On a more serious note, he shared with attendees of the
American Retirement Association’s 2015 ASPPA Annual Conference that the agency
is very focused on multiemployer plans right now. “We need to do what we can
with plans that cannot pay benefits,” he said. “We want to make sure the
Multiemployer Pension Reform Act (MPRA) legislation is administered as fairly
as possible.”
Aside from that, according to Reeder, the PBGC is looking
for ways to simplify defined benefit (DB) plan calculations.
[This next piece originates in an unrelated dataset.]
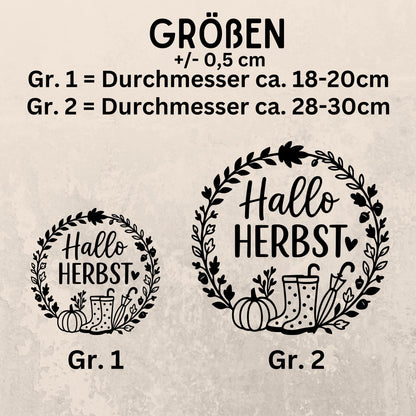 Fensterbild Hallo Herbst, Herbstzeit Deko, Herbstlicher Aufkleber Fensterdekoration , Herbstdekoration , Sticker Kürbis,Gummistiefel, Schirm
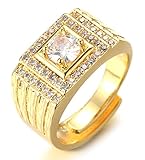 Halukakah Gold Diamantring Iced Out,Herren 18 Karat Echt Vergoldet Ring Größe...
He encouraged
suggestions from the industry.
The agency is also close to making a proposal for a missing
participants program, and “we are considering extending it to other plans,” Reeder
said. “The program will be an alternative to setting up individual retirement
accounts for missing participants.”
The PBGC issued a request for
information in 2013 concerning a missing participants program.
According to Reeder, its proposal is “pretty far along.”
Reeder concluded, “The agency is still looking to expand
coverage and improve adequacy of DB plans, but at the very least, we must
ensure the payment of benefits that are already promised.”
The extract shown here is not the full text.